# How do you keep track of your timeshares.



## talkamotta (Nov 13, 2019)

I've owned 7 weeks for years. I could keep track of each timeshare.  When I paid the mfs and  how I treated each timeshare.  Did I use it, did I deposit it and which trading company did I use.  Did I exchange it for another timeshare, where and what dates.  This year I bought a wyndham timeshare and worldmark credits.  Today I booked 3 vacations back to back.  One wyndham, worldmark, and a timeshare using my tpus in rci.  I had many screens up on my computer.  I was a little overwhelmed and I need a better tracking system.  I

I know many of you own more than I do...how do you keep track?  I've never lost a week because it fell through the cracks and I don't want it to ever happen.


----------



## DaveNV (Nov 13, 2019)

When I owned multiple weeks I just used Excel.  Mapped what I owned, when and where I exchanged it, exchange dates, impression of the exchanged resort, and so forth. I even tracked future trip ideas, when and where we wanted to go.  It was a manual process, but I could track the things I wanted to track.  It worked well. I kept things in date order of when the exchange was made.

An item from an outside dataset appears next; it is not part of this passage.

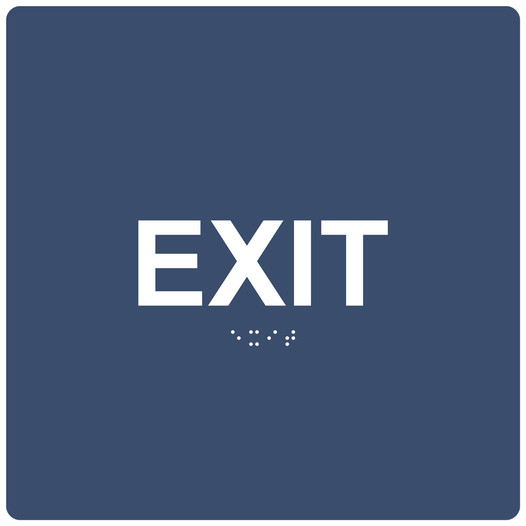 Square Navy ADA Braille EXIT Sign - RRE-655-99_White_on_Navy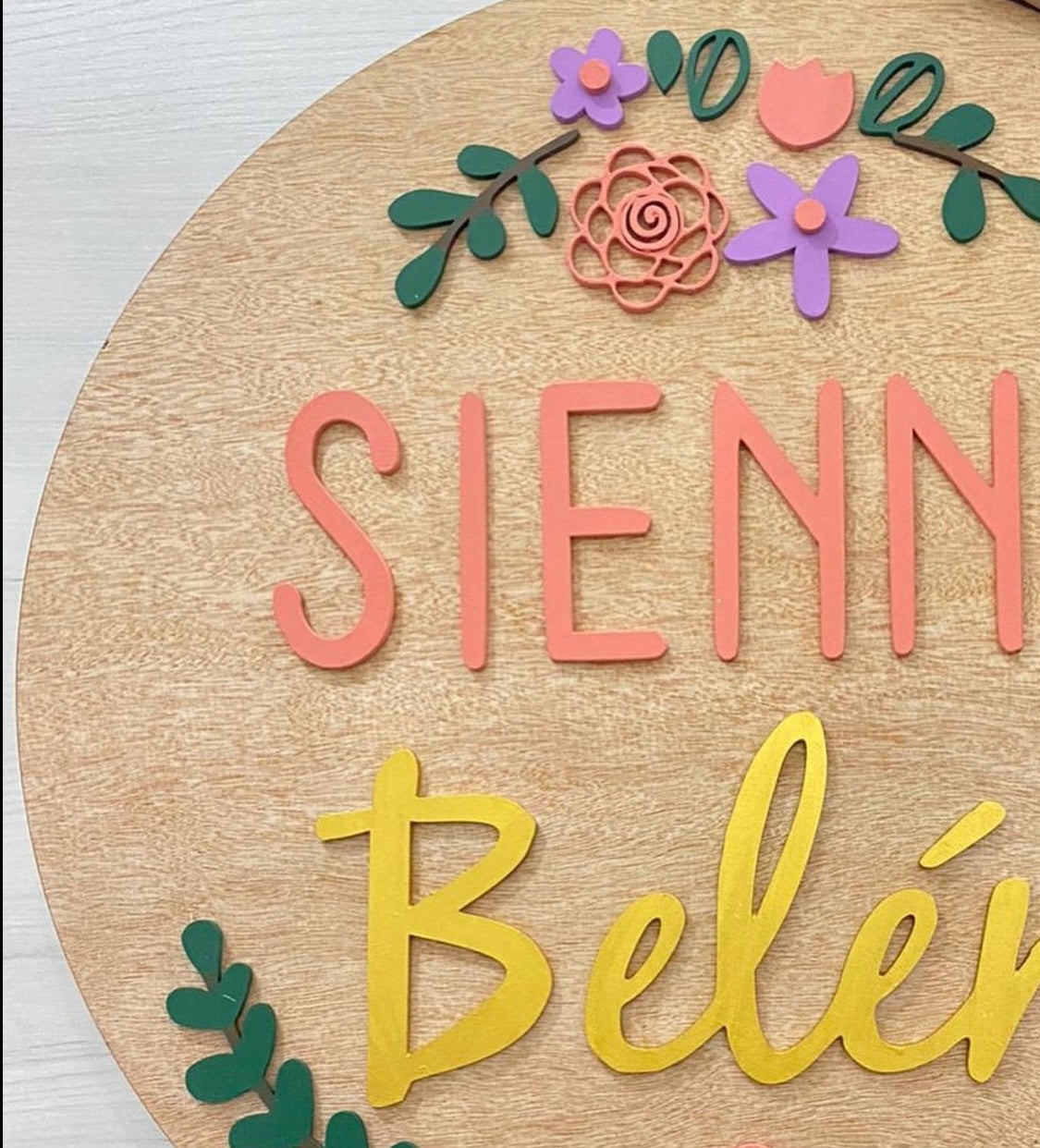 Wooden Bottom and colors over Baby Boy Wall Hanging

Now that I'm owning just WorldMark, it's simpler. I don't have the sense of control I used to have, but I also don't need to track things so specifically now.

Dave


----------



## AwayWeGo (Nov 13, 2019)

It's lots simpler now that the only timeshare we have left is 1 triennial points unit.  

-- Alan Cole, McLean (Fairfax County), Virginia, USA.​


----------



## VacationForever (Nov 13, 2019)

I used to keep track on how I use each week on a spreadsheet and now I don't bother and keep them all in my head.  My weeks are either sitting in the timeshare system accounts as points or/and weeks or deposited into II.  I know I have 2 weeks in II that need to be re-traded as plans have changed and they need to be retraded out no later than May/June 2020 to avoid the dreaded 60 days in, and another 3 weeks in II that are untraded.  With internal systems, I have a significant chunk of banked StarOptions in Vistana that expire Dec 2020 and another huge chunk of Marriott points sitting in the system with various expiration dates.  I have to decide what to do with 2021 portfolio very soon.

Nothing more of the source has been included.